Нам открывается совершенно новый способ бытия. На нашу долю выпало сложить абсолютно новый космос, причем сложить его из разрозненных, изолированных живых частиц. Ведь не кто иные, как мы, эти неуничтожимые комочки живой плоти, по частицам складываем космос. Космос творят не умы, не философы и метафизики, не Бог. И уж точно не экономическая революция. Это то, что мы носим в себе самих, и то, что строим вокруг себя: то, частью чего являемся, и то, что призваны воплотить в реальность. Мы должны осознать, кто мы есть и что в нас заложено. И должны довести дело до конца – в сотворении и разрушении. Большую часть времени мы заняты либо отрицанием, игнорированием, либо грезами. С самого зарождения нашей истории, истории Запада, мы стремились к тому, чтобы мир стал чем-то иным, нежели то, что он есть в действительности. Трансформировали сами себя, дабы уподобиться некоему образу, который на поверку оказался обманчивым. Под гнетом крайнего сомнения эта тяга исчерпала себя. И вот, разбитые параличом, мы бессильно вертимся на оси собственного «я», как пьяные дервиши. Ничто не способно принести нам избавление, кроме нового знания – не сократической мудрости, но осуществления, а оно есть не что иное, как активизация знания.

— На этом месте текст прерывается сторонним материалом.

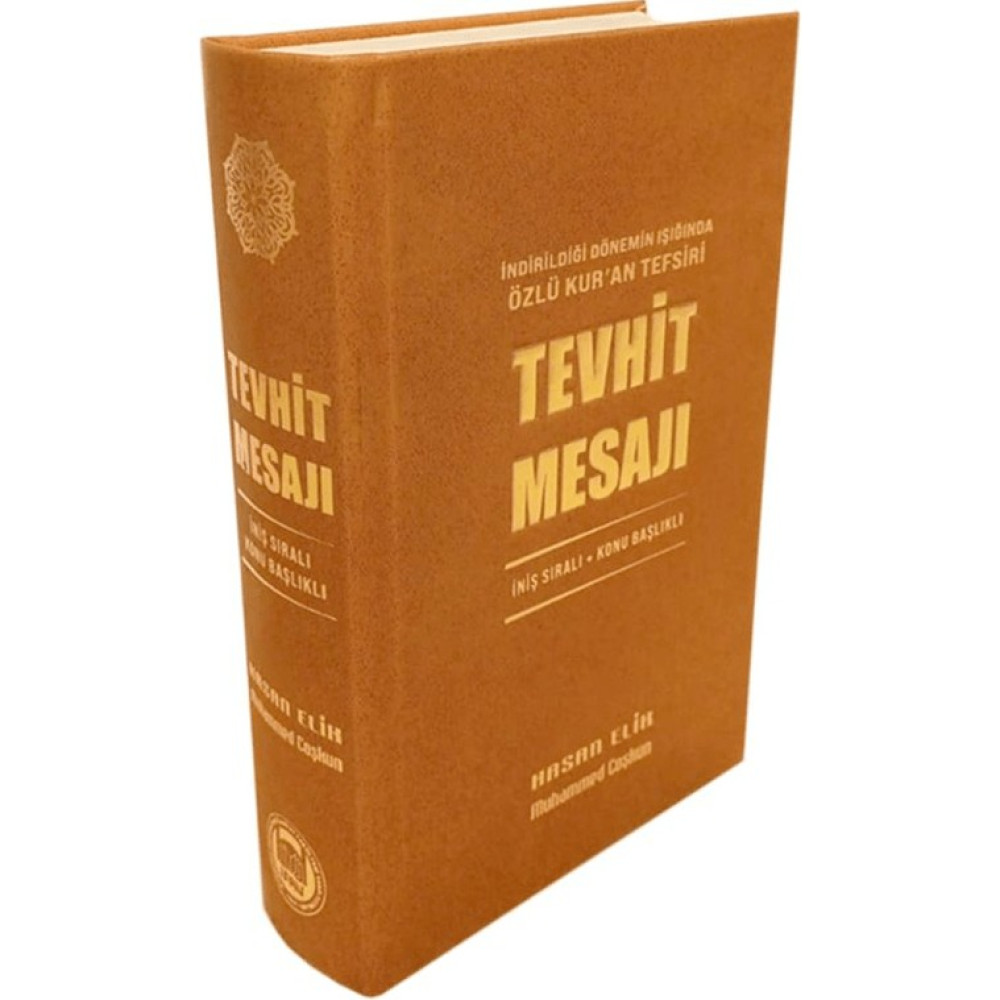 Indirildiği Dönemin Işığında Özlü Kur’an Tefsiri - Tevhit Mesajı Din Kitapları Fiyatı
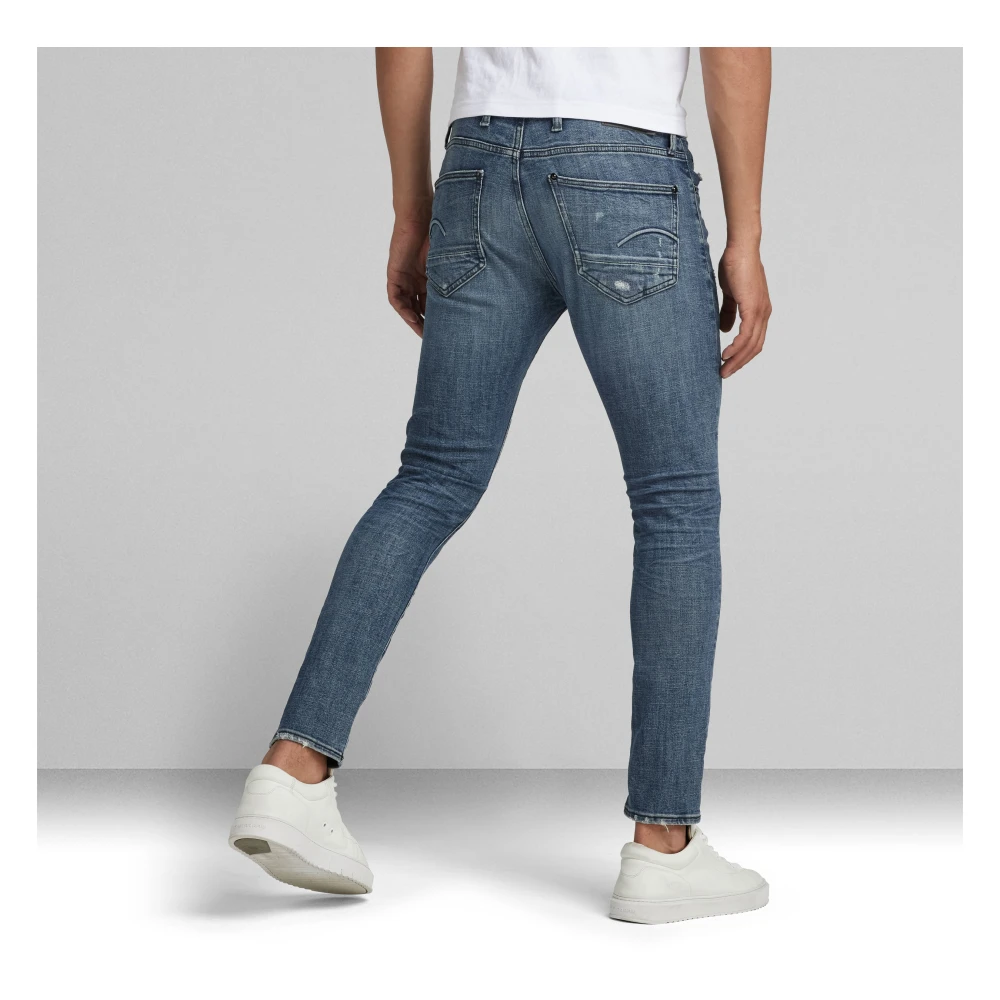 G-Star Jeans- Rebend FWD Heavy Elto Pure S.Stretch Blue Heren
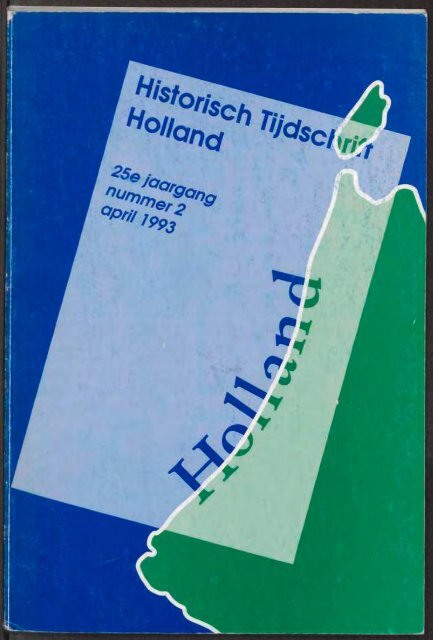 m - Holland Historisch Tijdschrift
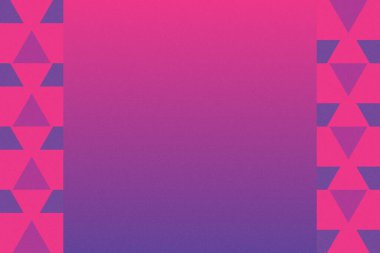 Üçgen ve Üçgen Şekiller ve Tasarımlar Mor ve Kırmızı Renkler Kütleli Doku Modern Soyut Arkaplan Geometrik Arkaplan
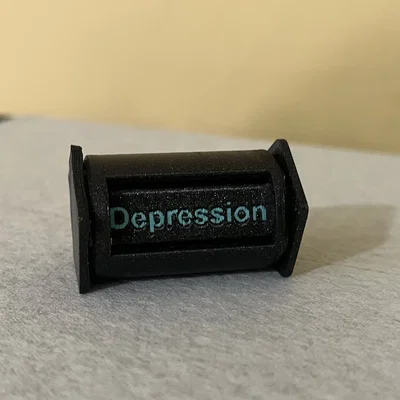 Kẹp Cà Vạt Grief Tie Clip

Ибо, как и пророчил Лоуренс, мы вступаем в эру Святого Духа. Нам предстоит расстаться с призраком нашего мертвого «я» и войти в новое царство. Бог умер. Сын Божий умер. И сами мы умерли, в той степени, в какой тот и другой покинули наши бренные тела. Это не то чтобы смерть, но Scheintot[128]. О Прусте кто-то заметил, что «он был самым живым из всех ушедших». В этом смысле мы еще живы. Но компас уже не работает, полюса не указывают направления. Нет ни ночи, ни дня. Но нет и сумерек. Мы дрейфуем без руля и без ветрил.

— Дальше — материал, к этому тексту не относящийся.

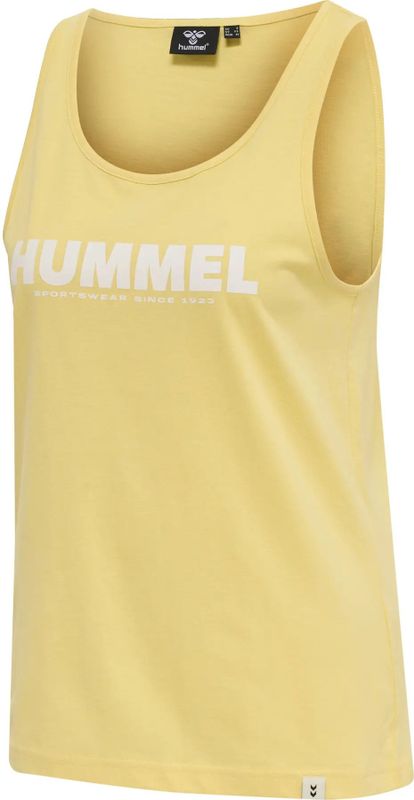 Hummel - hmlLEGACY WOMAN TANK TOP - Damestop - Zacht Fleece - Mouwloos
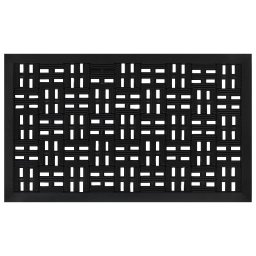 Covoras de usa dreptunghiular, 45x75 cm, cauciuc GartenMobel Dekor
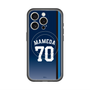 スリムプロテクションプレミアムケース with MagSafe［ 埼玉西武ライオンズ- #70 MAMEDA - ビジター ］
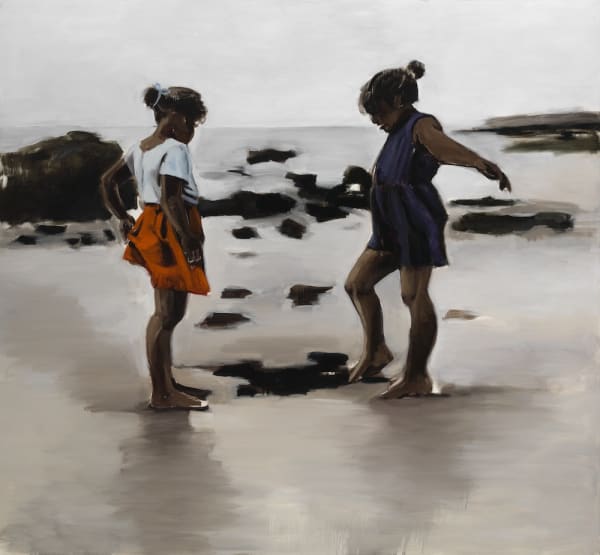 Lynette Yiadom-Boakye Condor and the Mole 2011. Arts Council Collection, Southbank Centre, London © Courtesy of Lynette Yiadom-Boakye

Когда я говорю «мы дрейфуем», то отчетливо понимаю, что это метафора. Лично я не верю, что мы будем дрейфовать до бесконечности. Таков удел некоторых, быть может, большей части мужчин и женщин. Но не всех. Ибо доколе существуют мужчины и женщины, мир сам по себе не обратится в Саргассово море. Это пугающее видение рождено лишь осознанием того, что помимо воли мы все-таки дрейфуем, все-таки сливаемся с безостановочным потоком. Ибо вне нас живет сила, кажущаяся благодаря смерти могущественнее нас, и имя этой силы – Природа. Мы, смертные, тоже часть Природы. Но мы также часть чего-то еще, чего-то, во что входит Природа. Это та неопознанная сторона Вселенной, какую воздвигли мы сами, пребывая в противостоянии с целым. И не нашей воле, но нашей судьбе было угодно, чтобы такого рода противостояние претворилось в реальность. Эта сила, действующая помимо нас и превыше наших возможностей, повинуется собственным законам. Имея достаточно мудрости, мы могли бы действовать в русле этих законов, приспособить себя к ним. Вот подлинная стихия жизненности, как мог бы сказать Лоуренс. Отказываясь следовать в русле этой преобладающей силы, мы нарушаем закон жизни, дрейфуем, и в этом дрейфе Природа обходит нас стороной.